Sun columnist cleared of complaints brought by Muslim presenter
Kelvin Mackenzie, the ex-editor who once green-lighted The Sun‘s front-page coverage of the Hillsborough fans as pickpockets and drunks on the day of the tragedy, has been found by the Independent Press Standards Organisation (IPSO) not to have breached the press code for an article he penned in July.
The article, published in the Murdoch-owned Sun newspaper, headlined ‘why did Channel 4 have a presenter in a hijab fronting coverage of Muslim terror in Nice’, criticised the publicly-owned TV channel for using presenter Fatima Manji (pictured below). She brought a complaint against the tabloid for breaches of accuracy, harassment and discrimination.
The regulator was unequivocal about the article:
There can be no doubt that this was deeply offensive to the complainant and caused widespread concern and distress to others.

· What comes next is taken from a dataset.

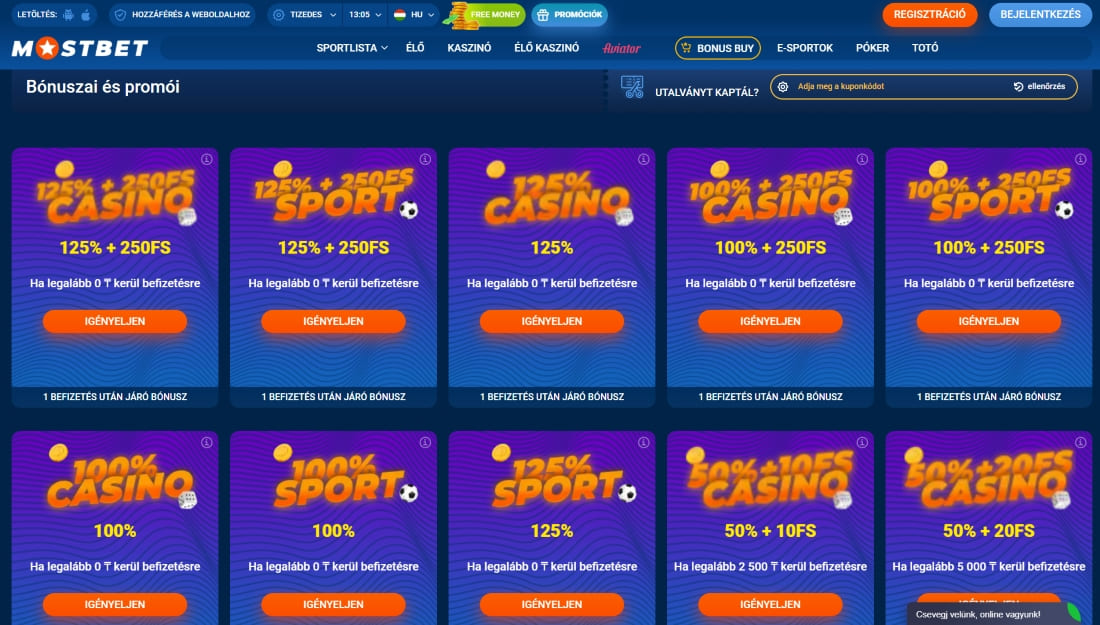 A Mostbet bónuszajánlatainak vizuális listája különböző befizetési feltételekkel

But found that it did not breach the code:
While the columnist’s opinions were undoubtedly offensive to the complainant, and to others, these were views he had been entitled to express.
Free speech campaigners argue that this is the right outcome. Jo Glanville, Director of English PEN, told Legal Cheek:
It was the right decision. Kelvin Mackenzie was expressing his opinion. However offensive that may be, if the complaint had been upheld it would have introduced the scope for censorship of any opinion in future that might be perceived to cause offence. Freedom of expression includes the right to offend, shock or disturb.